Этих детей она забрала к себе, дак они там… Дома они не сгорели, там их после перебили, у сестры…
Ой! Выхожу я во двор из своей хаты. Думаю: выйду я погляжу, что, где, куда люди, что они делают?.. Уже горит! С того конца, оттуда, от болота — все горит! Только та хата, моей сестры, и моя остались целы. Я — иду к сестре. Вижу: идет немец и полицейский. Ко мне идут во двор. Немец впереди, а полицейский сзади идет. А я иду по погоночке[19]. Дак он как встретился, дак мне — с одной и с другой. Дак я под забор — брик и лежу… Они пошли в хату. У нас стоял сруб новый, а хата у меня была из истопочки, времяночка маленькая. Дак мы уже достали лесу тогда, да уже срубили дом новый, накрытый был… Они пошли ту хату палить, а я тогда — в погреб. Такой был погреб выкопан и плашками обставлен. Картошка была, все… А я в ту картошку, к задней стенке, залезла и там сидела. Вот.
Слышу я — выстрел, плач соседки… Ну, все — нема детей. Ни моих, ни сестриных. Сестра дома была. И у нее двое детей…
Застенок весь спалили, уже сгорел. А они и пришли проверять. У нас тут длинный свинарник был, може, метров пятьдесят. Свиньи стояли колхозные. Дак они уже этот свинарник последний подожгли, окружили его кругом, стояли, думали, може, кто оттуда выходить будет… Ну, кто ж, если все люди были дома и всех они пожгли, всех побили!..
Пришли уже они и на мой двор проверять. Прогергетали что-то… А что я понимаю? Погреб этот открыли. И еще стояли конопли в том новом срубе, дак они запалили ту коноплю, чем-то облили, и такая вот была погребка, такая маленькая, чтоб снег дверей не заносил, — запалили и вкинули мне туда. Ой, ой, детки мои! — как нашло дыму, и погреб горит!.. Стенка ж деревянная. Эти, что дощечками обиты, тоже горят…
Ушли они. Думаю: что ж делать? А это ж еще, мои детки, на жизню, ей-богу, шло! Думаю: сгорю ж я, и никто меня не найдет, или задохнусь в дыму!.. Как-то мой человек мерил котух, доски городить, дак осталась тут палка.
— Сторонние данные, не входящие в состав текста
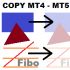 MT4-Objects Copier MT4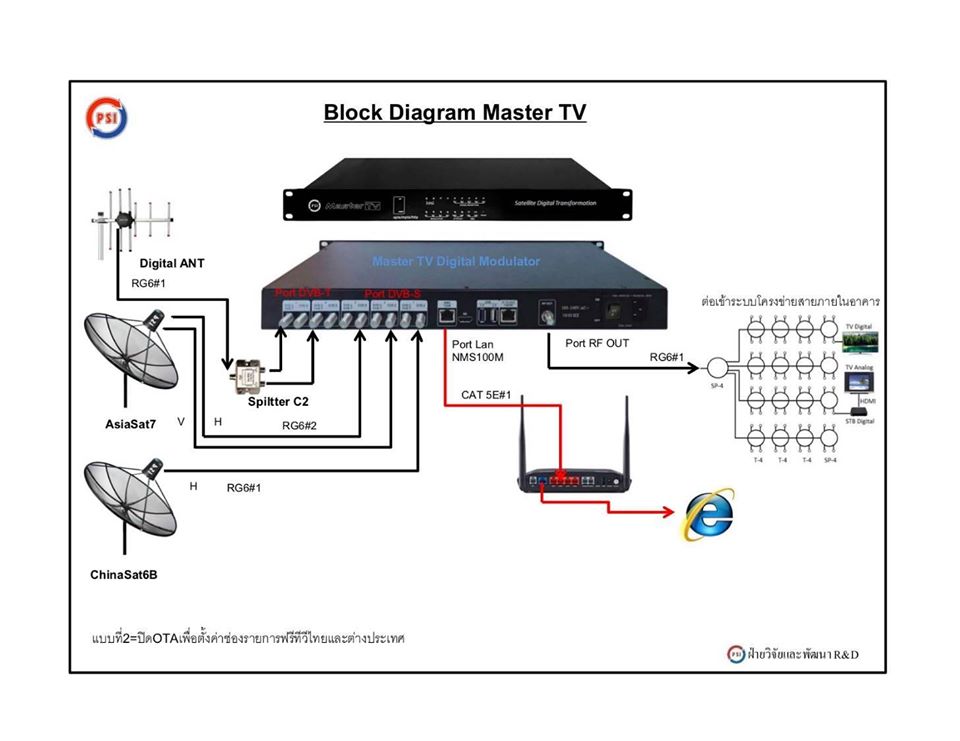 ชุดงานระบบจานดาวเทียม ดิจิตอล Satellite Digital PSI Master TV สำหรับ โรงแรม อพาทเม้นท์ คอนโด อื่นๆรับชมรายการฟรีทีวีไทย หรือ ต่างประเทศ ชุดงานระบบดิจิตอลทีวีรวม PSI Master TV Digital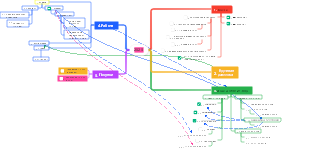 План действий и финансов на 2025 год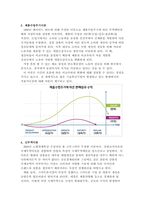 국제경영 무역이론인 절대우위이론, 비교우위이론, 제품수명주기이론, 신 (1)-3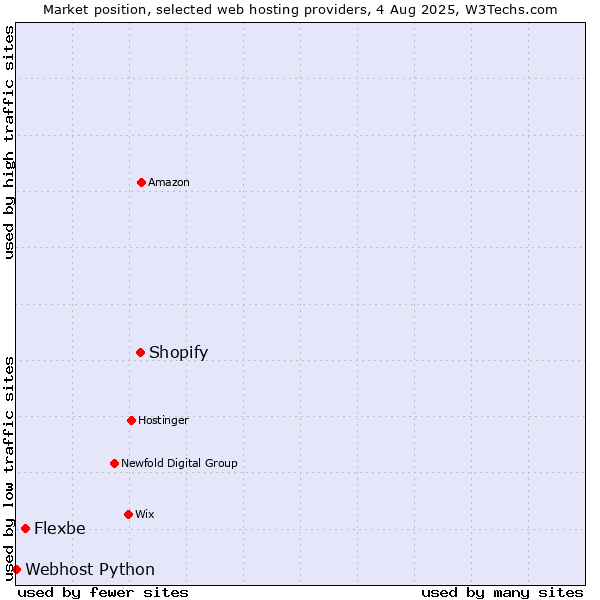 Market position of Shopify vs. Flexbe vs. Webhost Python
Я выползла, взяла эту палку… Известно ж, жара такая — запалили все постройки, дак лужа воды около порога погреба стоит. Дак я эту коноплю как откинула сюда, дак она упала в эту воду и погасла…
Пришли они снова, гергенули что-то… Я только прияла, что они говорят: „Ниц нема“[20]. Но не закрывали они этого погреба и пошли отсюда. И уехали.
А я уже до утра сидела там. А собака у моей сестры была, дак она всю ночь — ой-ой! — то уже лаяла, то уже лаяла!.. И что ж я знаю — или уже они уехали, или, може, думаю, остались… Сидела всю ночь.